Mohammed Abu al Reesh now works for Al Quds newspaper, but when he was 15 years old he was approached by an Israeli army jeep during a curfew. He claims he was beaten up and so threw stones at the jeep in response. He said he was then arrested at 3am in the night, handcuffed, placed in a military vehicle under the feet of Israeli soldiers and taken away.

He alleged that during his first interrogation he was punched, slapped and threatened with sexual harassment by means of using a stick. During transfers between detention centres he was tied by his arms to the roof of the vehicle.

On reaching Atzion detention centre near Hebron, he continued, he was pushed down the stairs and was put in a small cell with 12 people in it. The cell, he said, had a bad smell and dirty mattresses and inmates were only allowed to go to the toilet once a day and had to use plastic bottles to pee in for the remainder of the day. Food, he said, was little and of poor quality consisting mainly of food left uneaten by Israeli soldiers.

Eventually he reached a plea bargain and spent 28 months in Damon prison near Haifa and by the end of his prison term he said he had skin problems and was weak physically. The good news, he said, was that he could sit his High School exams while in prison and scored a mark of 72. Two weeks after his release he enrolled at Al Quds University where he studied journalism for four years.

Within a year of leaving university he was working for Al Quds newspaper where he covers the arrest of children. And now he’s here on a UK wide speaking tour.

Next, Ayed Abu Eqtaish claimed that Israeli interrogators use psychological torture techniques on children in order to try to extract proper confessions. These include lengthy spells of solitary confinement after which a child will become “eager for human contact” and, therefore, more likely to confess. They also include, he said, threats of sexual abuse, threats to throw the child out of a window and threats made against members of the child’s family.

Abu Eqtaish said there is no point complaining because the Israeli authorities always close any case they open on the basis that there is “no cooperation from the child or the family”. He said that 60% of prosecutions are for stone throwing and there is a 99.74% conviction rate overall.

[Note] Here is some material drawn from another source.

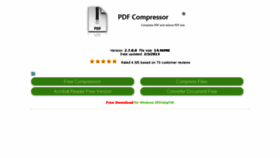 What Pdfcompressor.org website looked like in 2018 (5 years ago)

I was barracked from the moment I entered the lecture theatre to the moment I left it, with one woman screaming “Why is he here?”

I wasn’t barracked by students though. You see, despite it being a student society event there were hardly any students in the 70 strong audience, which seemed to consist mainly of teachers who were members of the NUT.

Bernard Regan, who chaired the event, is Trade Union Officer for the Palestine Solidarity Campaign and a leading figure in the Socialist Teachers Alliance.

Kirri Tunks, who also spoke, belongs to the East London Teachers Association. She was there last night to urge people to sign a pledge ensuring “the rights of Palestinian children”. I was there, yes, but at least I’m a SOAS alumnus, and a proud one.

A father had even brought his young son, who could not have been more than 10 years old. The young boy heard a woman in the audience make the allegation that when she had recently visited Hebron stones had been thrown at her by Israeli “settlers” while some of her friends had “faeces and urine thrown at them”.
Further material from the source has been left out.